Delimited data contains line feeds where they shouldn't be


 
Thread Tools Search this Thread
Top Forums Shell Programming and Scripting Delimited data contains line feeds where they shouldn't be
# 1  
Old 03-24-2011
Delimited data contains line feeds where they shouldn't be

I have some data, each record (line) ends with a line feed (\n). Each field is pipe (|) delimited.
Code:
  1|short desc|long text|2001-01-01 01:01
  2|short desc| long
  text |2002-02-02 02:02
  3|short desc|  long  text  | 2003-03-03 03:03
  4|short desc
  |  long  text    | 2004-04-04 04:04

Note that ID #2 and #4 have an extra line feed between the field delimiters. I know that awk can read multi-line data. But the examples I found are for very strictly structured multi-line data, such as addresses. In this case it is only a few rows out of a hundred thousand that are bad. The data source somehow allows for line feeds in some of the text columns. But for my purposes, I don't want/need them.

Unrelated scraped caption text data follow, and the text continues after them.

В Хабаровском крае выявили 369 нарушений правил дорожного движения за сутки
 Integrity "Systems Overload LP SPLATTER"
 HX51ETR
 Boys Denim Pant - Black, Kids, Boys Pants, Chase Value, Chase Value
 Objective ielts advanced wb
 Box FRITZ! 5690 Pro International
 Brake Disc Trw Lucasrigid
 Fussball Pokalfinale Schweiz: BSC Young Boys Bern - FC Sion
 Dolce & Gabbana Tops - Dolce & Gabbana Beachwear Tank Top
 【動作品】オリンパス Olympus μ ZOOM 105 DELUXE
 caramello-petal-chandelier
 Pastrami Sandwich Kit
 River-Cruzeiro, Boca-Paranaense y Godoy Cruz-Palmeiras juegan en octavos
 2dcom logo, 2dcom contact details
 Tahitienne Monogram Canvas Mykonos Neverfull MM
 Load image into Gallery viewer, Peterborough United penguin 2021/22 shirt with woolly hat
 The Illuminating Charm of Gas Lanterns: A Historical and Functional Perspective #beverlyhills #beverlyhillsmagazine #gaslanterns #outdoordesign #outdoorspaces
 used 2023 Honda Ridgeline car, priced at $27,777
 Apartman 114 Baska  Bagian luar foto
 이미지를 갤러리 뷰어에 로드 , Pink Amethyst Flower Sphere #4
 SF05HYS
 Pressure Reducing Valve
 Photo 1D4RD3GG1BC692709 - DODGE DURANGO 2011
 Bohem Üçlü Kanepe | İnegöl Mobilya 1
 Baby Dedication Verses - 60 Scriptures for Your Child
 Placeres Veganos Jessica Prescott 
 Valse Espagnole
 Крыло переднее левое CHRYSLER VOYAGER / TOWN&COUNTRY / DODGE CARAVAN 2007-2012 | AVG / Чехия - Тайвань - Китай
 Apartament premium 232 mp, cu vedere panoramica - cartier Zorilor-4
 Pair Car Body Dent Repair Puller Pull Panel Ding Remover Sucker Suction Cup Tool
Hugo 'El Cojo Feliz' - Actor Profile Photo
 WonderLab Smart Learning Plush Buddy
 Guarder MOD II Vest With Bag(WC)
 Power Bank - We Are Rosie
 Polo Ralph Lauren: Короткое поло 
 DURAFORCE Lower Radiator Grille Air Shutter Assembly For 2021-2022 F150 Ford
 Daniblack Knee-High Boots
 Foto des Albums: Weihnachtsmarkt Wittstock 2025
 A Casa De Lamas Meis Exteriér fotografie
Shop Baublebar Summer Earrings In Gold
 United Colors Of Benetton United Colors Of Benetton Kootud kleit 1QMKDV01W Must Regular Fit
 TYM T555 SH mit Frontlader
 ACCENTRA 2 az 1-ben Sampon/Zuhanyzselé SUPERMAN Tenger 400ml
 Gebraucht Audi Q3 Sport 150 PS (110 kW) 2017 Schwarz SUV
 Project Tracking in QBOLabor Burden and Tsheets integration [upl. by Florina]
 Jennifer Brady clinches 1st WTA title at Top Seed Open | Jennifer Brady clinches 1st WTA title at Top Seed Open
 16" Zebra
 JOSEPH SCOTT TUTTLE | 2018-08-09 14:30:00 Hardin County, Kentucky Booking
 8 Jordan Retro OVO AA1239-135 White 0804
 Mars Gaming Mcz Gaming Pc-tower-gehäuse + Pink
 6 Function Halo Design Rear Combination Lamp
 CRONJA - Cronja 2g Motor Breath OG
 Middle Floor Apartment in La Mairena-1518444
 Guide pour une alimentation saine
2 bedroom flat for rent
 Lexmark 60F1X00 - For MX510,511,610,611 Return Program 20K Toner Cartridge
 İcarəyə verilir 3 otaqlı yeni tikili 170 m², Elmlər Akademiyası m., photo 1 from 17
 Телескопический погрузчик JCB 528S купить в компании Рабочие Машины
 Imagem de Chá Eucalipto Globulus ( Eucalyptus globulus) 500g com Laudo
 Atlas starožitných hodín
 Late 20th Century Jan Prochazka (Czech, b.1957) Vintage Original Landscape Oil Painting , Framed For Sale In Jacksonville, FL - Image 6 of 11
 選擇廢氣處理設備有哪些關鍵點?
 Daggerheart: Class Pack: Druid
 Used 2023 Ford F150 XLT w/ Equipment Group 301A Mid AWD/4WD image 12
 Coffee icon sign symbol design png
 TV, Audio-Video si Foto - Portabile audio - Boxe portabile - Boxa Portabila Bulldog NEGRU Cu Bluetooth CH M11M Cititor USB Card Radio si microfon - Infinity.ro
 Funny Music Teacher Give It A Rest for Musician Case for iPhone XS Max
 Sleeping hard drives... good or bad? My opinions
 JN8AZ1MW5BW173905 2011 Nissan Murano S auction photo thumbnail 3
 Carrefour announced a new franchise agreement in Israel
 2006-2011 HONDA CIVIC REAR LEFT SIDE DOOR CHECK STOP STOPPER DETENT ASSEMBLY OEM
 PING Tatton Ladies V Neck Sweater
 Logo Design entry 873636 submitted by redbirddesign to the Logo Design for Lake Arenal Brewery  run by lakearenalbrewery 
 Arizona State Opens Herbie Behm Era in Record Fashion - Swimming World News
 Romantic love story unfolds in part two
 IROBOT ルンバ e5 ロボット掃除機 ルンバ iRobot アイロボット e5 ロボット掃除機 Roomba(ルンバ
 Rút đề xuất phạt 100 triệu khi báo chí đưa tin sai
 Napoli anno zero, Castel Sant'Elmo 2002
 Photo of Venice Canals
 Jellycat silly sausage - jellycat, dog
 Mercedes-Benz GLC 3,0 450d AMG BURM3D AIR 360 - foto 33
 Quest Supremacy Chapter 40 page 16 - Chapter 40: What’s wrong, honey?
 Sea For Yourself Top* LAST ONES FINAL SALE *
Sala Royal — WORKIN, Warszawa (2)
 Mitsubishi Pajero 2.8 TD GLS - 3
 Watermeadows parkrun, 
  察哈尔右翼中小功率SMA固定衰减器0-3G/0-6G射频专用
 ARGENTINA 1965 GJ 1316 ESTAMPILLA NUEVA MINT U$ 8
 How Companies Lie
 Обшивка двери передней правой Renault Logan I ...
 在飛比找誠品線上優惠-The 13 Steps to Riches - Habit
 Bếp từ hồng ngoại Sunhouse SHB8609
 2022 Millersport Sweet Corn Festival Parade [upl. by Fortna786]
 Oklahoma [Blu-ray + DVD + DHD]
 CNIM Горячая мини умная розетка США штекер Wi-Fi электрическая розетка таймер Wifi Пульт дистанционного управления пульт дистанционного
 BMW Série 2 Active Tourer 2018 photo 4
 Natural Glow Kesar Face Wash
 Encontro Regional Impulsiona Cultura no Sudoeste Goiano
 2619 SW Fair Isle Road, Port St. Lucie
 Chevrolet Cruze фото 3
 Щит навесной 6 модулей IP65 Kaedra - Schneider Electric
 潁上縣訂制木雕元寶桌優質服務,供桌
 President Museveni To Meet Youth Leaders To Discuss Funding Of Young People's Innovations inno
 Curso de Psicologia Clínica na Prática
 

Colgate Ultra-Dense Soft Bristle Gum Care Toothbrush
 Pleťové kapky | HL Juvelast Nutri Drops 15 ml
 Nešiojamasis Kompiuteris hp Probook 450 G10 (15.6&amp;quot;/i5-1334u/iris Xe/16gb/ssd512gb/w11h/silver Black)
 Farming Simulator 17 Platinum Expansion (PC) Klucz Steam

I need to clean this up before I can load it into a database. The process I use to load into the database will trim any leading and trailing spaces, so they are not an issue for this clean up here. Unfortunately I can't get that to recognize that some of the text columns might also have a \n.

Any ideas? Is there a way to tell awk that I have x number of fields and that it should keep reading until it has that many, ignoring any line feeds until the actual end of the record data?

Thanks
Eric
# 2  
Old 03-24-2011
Code:
awk '{printf (/ *[0-9]+\|/?RS:FS) $0}' infile |awk -F "|" '{for (i=1;i<=NF;i++) {sub(/^ +/,"",$i);sub(/ +$/,"",$i)}}1'  OFS="|"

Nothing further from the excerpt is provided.